**Exercise**
At the line that holds "Lada (ВАЗ) Largus", start repeating, and keep going exactly through the final line of the material; include both ends and skip the pictures.

**Supplied data**
:::
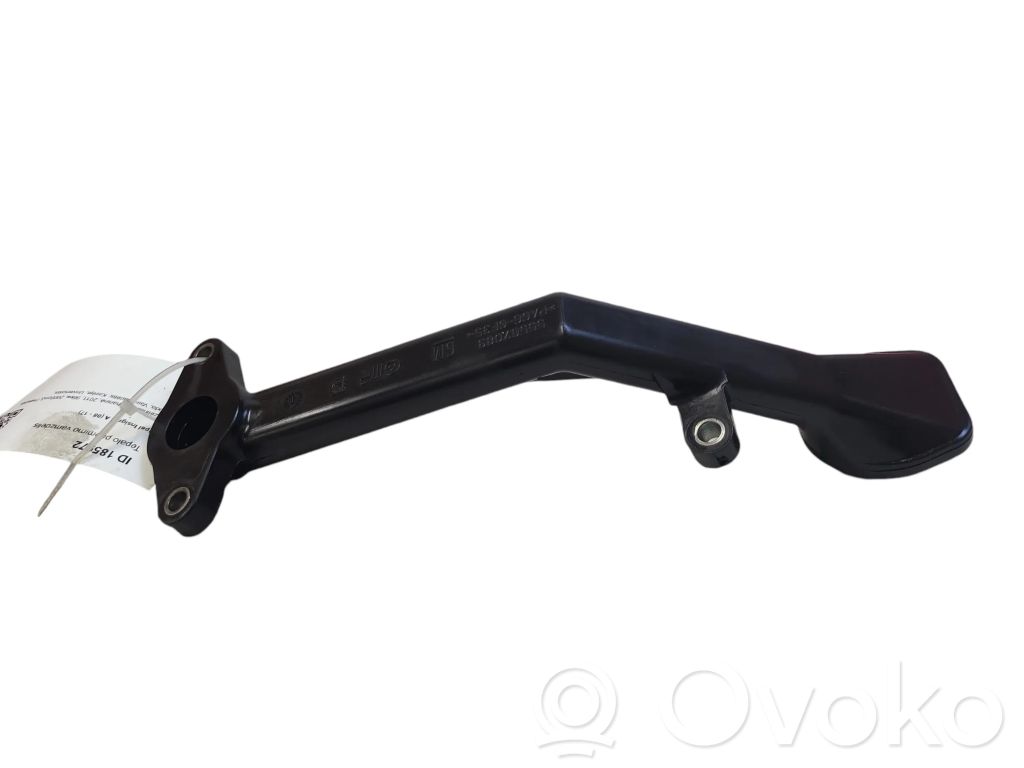 Opel Insignia A Tubo del filtro della coppa dell’olio 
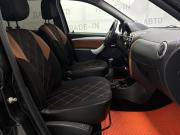 Lada (ВАЗ) Largus I Пермь  - изображение 26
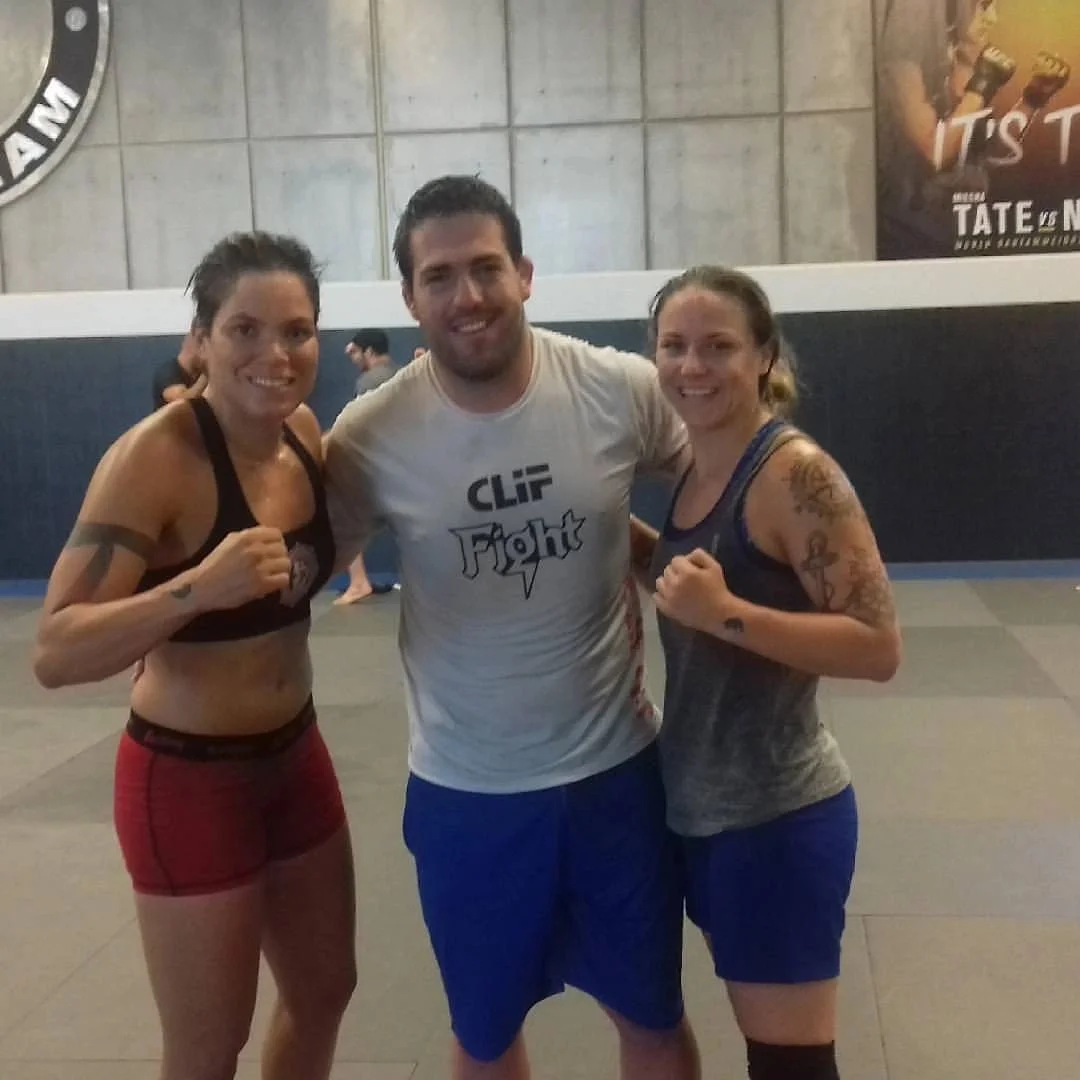 Front Line Jiu-Jitsu Academy academy photo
:::
**The completed task**
 Lada (ВАЗ) Largus I Пермь  - изображение 26
 Front Line Jiu-Jitsu Academy academy photo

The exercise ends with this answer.